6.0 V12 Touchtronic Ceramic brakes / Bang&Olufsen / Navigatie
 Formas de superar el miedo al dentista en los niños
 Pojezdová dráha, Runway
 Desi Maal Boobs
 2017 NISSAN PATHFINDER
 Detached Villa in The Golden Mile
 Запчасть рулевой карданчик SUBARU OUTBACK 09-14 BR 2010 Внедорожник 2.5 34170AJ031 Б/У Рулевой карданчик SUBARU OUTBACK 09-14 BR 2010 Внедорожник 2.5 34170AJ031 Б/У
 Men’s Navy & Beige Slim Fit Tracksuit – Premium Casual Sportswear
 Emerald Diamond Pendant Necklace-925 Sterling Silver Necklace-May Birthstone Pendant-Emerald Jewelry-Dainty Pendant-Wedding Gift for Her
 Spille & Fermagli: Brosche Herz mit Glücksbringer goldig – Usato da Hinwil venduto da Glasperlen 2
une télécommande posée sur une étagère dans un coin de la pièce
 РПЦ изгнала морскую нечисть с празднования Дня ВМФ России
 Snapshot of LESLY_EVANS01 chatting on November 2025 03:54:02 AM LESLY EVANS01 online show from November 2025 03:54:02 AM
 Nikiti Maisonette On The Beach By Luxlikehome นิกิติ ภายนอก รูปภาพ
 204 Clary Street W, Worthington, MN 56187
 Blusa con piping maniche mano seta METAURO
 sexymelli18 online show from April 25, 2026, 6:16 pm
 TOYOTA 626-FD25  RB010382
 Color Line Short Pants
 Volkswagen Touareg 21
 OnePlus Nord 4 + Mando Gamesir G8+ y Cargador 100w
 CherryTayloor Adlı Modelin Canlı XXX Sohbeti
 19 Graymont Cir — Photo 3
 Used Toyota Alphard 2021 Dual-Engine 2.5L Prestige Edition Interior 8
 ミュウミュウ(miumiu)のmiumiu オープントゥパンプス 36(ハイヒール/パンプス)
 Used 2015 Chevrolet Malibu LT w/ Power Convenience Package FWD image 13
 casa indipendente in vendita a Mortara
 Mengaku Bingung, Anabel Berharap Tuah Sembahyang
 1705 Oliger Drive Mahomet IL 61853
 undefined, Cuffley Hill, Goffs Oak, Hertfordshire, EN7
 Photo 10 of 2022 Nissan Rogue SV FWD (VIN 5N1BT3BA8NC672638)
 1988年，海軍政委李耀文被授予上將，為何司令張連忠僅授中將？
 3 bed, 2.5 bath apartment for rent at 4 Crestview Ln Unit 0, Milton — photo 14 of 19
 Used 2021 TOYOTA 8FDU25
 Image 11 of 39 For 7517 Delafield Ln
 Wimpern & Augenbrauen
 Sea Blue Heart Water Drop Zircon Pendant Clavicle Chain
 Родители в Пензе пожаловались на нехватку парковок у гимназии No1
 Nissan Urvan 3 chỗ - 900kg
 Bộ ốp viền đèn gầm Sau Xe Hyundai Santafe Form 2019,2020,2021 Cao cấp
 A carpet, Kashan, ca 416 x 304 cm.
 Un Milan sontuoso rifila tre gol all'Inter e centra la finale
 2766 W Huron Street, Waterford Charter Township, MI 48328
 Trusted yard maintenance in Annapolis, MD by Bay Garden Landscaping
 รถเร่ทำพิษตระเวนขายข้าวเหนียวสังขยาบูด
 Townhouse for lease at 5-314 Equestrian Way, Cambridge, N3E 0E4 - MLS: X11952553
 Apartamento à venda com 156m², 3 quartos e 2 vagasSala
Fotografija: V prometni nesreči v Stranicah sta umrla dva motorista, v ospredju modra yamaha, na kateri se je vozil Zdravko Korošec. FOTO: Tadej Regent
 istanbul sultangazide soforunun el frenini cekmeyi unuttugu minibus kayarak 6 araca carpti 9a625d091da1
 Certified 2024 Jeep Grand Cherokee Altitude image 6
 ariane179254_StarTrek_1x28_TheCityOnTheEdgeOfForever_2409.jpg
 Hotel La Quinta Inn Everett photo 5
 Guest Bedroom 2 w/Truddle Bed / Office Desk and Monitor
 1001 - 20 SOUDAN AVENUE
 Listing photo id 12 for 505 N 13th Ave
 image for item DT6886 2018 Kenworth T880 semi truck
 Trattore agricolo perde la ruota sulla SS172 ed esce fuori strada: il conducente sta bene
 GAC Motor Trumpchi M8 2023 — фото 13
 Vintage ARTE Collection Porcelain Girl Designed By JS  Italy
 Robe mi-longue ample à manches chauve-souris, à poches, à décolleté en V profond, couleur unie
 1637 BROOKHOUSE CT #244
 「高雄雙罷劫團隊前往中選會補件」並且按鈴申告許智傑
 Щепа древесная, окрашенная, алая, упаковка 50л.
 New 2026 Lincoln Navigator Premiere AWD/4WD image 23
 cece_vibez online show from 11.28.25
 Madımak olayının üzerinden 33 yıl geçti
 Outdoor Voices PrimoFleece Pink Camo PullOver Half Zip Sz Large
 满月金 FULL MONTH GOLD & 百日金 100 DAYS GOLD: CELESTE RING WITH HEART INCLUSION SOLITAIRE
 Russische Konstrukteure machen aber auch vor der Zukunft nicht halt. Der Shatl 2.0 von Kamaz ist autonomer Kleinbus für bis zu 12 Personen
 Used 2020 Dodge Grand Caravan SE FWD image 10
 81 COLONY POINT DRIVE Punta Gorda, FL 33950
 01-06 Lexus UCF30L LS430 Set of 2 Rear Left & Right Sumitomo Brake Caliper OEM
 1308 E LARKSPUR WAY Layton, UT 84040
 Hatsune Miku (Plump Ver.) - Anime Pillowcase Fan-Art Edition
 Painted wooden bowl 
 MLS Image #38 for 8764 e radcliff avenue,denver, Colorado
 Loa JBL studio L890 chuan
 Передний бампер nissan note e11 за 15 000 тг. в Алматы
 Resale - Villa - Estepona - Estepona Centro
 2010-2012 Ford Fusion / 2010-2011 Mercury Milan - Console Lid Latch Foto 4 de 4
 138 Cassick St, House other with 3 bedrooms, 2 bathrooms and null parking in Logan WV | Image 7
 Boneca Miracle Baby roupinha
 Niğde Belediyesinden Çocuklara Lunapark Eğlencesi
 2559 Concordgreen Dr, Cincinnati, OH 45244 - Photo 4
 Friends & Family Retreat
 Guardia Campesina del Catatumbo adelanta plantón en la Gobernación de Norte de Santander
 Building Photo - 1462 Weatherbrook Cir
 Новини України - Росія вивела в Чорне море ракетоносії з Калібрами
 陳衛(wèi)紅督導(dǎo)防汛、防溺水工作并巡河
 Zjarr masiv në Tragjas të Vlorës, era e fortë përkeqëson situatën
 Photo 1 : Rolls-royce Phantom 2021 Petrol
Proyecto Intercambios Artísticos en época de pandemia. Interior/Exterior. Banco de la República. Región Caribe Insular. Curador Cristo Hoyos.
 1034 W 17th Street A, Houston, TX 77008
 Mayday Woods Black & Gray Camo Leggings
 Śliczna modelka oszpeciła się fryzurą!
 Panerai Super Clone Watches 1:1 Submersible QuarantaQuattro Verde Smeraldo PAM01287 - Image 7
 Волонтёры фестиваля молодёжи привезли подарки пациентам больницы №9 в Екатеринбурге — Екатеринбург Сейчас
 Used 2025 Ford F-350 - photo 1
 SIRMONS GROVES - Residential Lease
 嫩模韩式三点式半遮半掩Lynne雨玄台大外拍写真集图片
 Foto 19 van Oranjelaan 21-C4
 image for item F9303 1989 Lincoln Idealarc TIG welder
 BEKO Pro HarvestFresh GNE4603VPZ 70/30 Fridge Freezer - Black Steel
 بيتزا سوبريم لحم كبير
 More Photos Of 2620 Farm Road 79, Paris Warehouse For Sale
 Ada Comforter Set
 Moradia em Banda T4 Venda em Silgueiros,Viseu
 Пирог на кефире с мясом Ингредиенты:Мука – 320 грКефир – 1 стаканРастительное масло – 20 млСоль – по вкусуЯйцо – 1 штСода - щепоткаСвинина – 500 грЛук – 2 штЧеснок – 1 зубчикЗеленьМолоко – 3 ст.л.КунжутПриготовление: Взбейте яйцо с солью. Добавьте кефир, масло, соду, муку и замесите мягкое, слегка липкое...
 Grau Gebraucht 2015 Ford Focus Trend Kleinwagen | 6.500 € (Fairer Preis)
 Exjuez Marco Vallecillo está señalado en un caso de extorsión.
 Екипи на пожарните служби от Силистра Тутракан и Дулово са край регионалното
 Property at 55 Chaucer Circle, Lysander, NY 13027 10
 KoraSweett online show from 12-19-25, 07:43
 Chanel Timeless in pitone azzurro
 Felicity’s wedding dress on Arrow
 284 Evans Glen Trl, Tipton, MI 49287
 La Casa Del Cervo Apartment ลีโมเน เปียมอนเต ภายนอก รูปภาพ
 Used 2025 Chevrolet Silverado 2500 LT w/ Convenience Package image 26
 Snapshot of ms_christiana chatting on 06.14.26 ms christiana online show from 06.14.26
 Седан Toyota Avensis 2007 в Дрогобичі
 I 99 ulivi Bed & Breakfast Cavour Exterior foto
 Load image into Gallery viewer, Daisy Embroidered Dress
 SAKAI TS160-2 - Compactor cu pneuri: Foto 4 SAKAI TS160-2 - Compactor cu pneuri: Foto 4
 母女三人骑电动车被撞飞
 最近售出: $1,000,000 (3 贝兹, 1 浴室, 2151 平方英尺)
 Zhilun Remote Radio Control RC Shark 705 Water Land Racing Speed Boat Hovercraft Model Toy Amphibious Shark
-------
*What the task requires*: Starting with the line with "Desi Maal Boobs" above and going on through the line with "Nikiti Maisonette On", transcribe every line exactly, both ends included, and add nothing.

*Problem solution*:
 Desi Maal Boobs
 2017 NISSAN PATHFINDER
 Detached Villa in The Golden Mile
 Запчасть рулевой карданчик SUBARU OUTBACK 09-14 BR 2010 Внедорожник 2.5 34170AJ031 Б/У Рулевой карданчик SUBARU OUTBACK 09-14 BR 2010 Внедорожник 2.5 34170AJ031 Б/У
 Men’s Navy & Beige Slim Fit Tracksuit – Premium Casual Sportswear
 Emerald Diamond Pendant Necklace-925 Sterling Silver Necklace-May Birthstone Pendant-Emerald Jewelry-Dainty Pendant-Wedding Gift for Her
 Spille & Fermagli: Brosche Herz mit Glücksbringer goldig – Usato da Hinwil venduto da Glasperlen 2
une télécommande posée sur une étagère dans un coin de la pièce
 РПЦ изгнала морскую нечисть с празднования Дня ВМФ России
 Snapshot of LESLY_EVANS01 chatting on November 2025 03:54:02 AM LESLY EVANS01 online show from November 2025 03:54:02 AM
 Nikiti Maisonette On The Beach By Luxlikehome นิกิติ ภายนอก รูปภาพ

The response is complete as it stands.